Friday, May 20, 2011

Pondering the end of days…

Lawd, I am tired!

I’ve been watching the news about flooding along the Mississippi River and it made me wonder when the bullshit that’s been rising at an alarming rate will finally crest.

Sigh.

I can’t let this Friday May 20, 2011 go by without a brief pondering of the Rapture. Some folks have predicted that tomorrow May 21, 2011 will be the end of days and “real” Christians will be “raptured”. 

I think it’s supposed to start at 6pm in Australia, but I’m not sure.  It’s confusing and left up to interpretation and lots of folks don’t agree with it anymore than they agree with the fabillion trillion other interpretations of the end of days…not to mention the people who don’t buy into the end of days at all.

All this talk of folks being disappeared got me thinking about folks I’d like to see raptured tomorrow...like that wretched anti-choice fanatic who damned me to the fires of hell last month or those politicians who pontificate about “life” while voting against funding for programs that serve those in need…oh, and faux scientists who write about the unattractiveness of black women and their friends…people who abuse animals…Ann Coulter…the heifer who bullied me in 5th grade…shit, the list is endless.

But it occurred to me that the very people I’d like to see raptured tomorrow are not the kind of people who fit the criteria for rapturization.

My list is full of absolute assholes… the folks on my People I’d Like to See Raptured list is full of mean-spirited violent egotistical judgmental lying hypocritical bigots.

Pause…consider…continue.

Hold up.

If I don’t believe in the Rapture do I still have to keep my mental exploration of the happening with the parameters established by Rapturites?

That doesn’t seem right!

Fuck it.

I hereby proclaim that tomorrow’s regularly scheduled Rapture shall be a Reverse Rapture!

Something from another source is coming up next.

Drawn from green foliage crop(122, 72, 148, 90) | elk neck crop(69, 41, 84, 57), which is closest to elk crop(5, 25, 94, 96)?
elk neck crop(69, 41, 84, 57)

I plan to have several cocktails, watch some NHL hockey (love the playoffs, big time!), and monitor Twitter – tomorrow’s content should be fantabulous!

Wink.

Toodles till Doomsday!

9 comments:

Stella said...

I have a list of people that I would miss if they suddenly disappeared, and you are on it.

Have a glorious weekend, dear.

Rileysdtr said...

Not sure what the International Dateline does vis a vis the Day of Rapture. If it's supposed to start May 21st in Australia at 6 pm, is that local time (since ahem it's already May 21 there); GMT? Eastern Standard?

I do have one trouble with the prophecy... according to this latest interpretation anyone who isn't immediately caught up in the Rapture is in deep shit as the press release includes the statement that no one else will possibly be eligible for Heaven.
I haven't read the Book of Revelations in a few years, but based upon my recollection, those who are left behind to undergo the trials/tribulations/etc. who fight on the side of Good go to Heaven when they die.

I want to kick some ass for Heaven. No, I mean that literally. Give me one of those flaming swords and turn me loose upon the serpents... I think it'd be a blast, not to mention one hell of a cardio workout. Screw the Rapture - sign me up for the War!

Until the Trumpet sounds, though, I am watching me some hockey... go Canucks!

Dusty,Hells most vocal Bitch said...

But it occurred to me that the very people I’d like to see raptured tomorrow are not the kind of people who fit the criteria for rapturization. Hey..that IS the downside of it.

Sorrry I ain't been around but I had major back surgery few months back and cant sit for long. Fuckers opened me up like a can of soup and left me w/a nice parting gift of an eight inch scar on my spine and I have to wear this hugeass 2lb brace for another three months.

But I have missed your posts sista woman!!!!

Dusty,Hells most vocal Bitch said...

Oh and a friend of mine wondered aloud: If the assholes DO get to go...can we have their stuff? ;p

Shoni said...

It still amuses me that people are attempting to use the bible to predict something the bible says can't be predicted. Then again, with all the other crap people have used the bible to justify, I'm not really surprised.

Anonymous said...

I am so bummed that these people won't be raptured. it is going to be funny to see the looks on their faces though when they are still here. Ohhhhhhhh, that will be great.

MC said...

What self-respecting "angry black bitch" is into NHL hockey and admits that she "loves the playoffs, big time?" There's no NHL hockey playoffs this time of year, is there?

Shark-fu said...

Oh no you didn't!?! Not the dreaded "black people don't watch hockey!" indictment followed by a public display of hockey ignorance about the playoffs!!!

*rolls eyes*

Is thus the part where I'm supposed to declare my blackness...or are we at the part where I curse at you?

Where's my Acceptable Blackness Handbook?!?

I just KNOW there's a chapter on Acceptable Sports. It's right after Acceptable Accents and before Acceptable Hobbies.

Wink.

Jeffrey Ricker said...

Ooh, I love it when you verbally smash someone into the boards! Do it again!

(Oh, and for the record, the Rapture did happen this weekend as I was lifted to heaven by the goddess herself during Kylie Minogue's show in San Francisco. Sigh--I can die happy now.)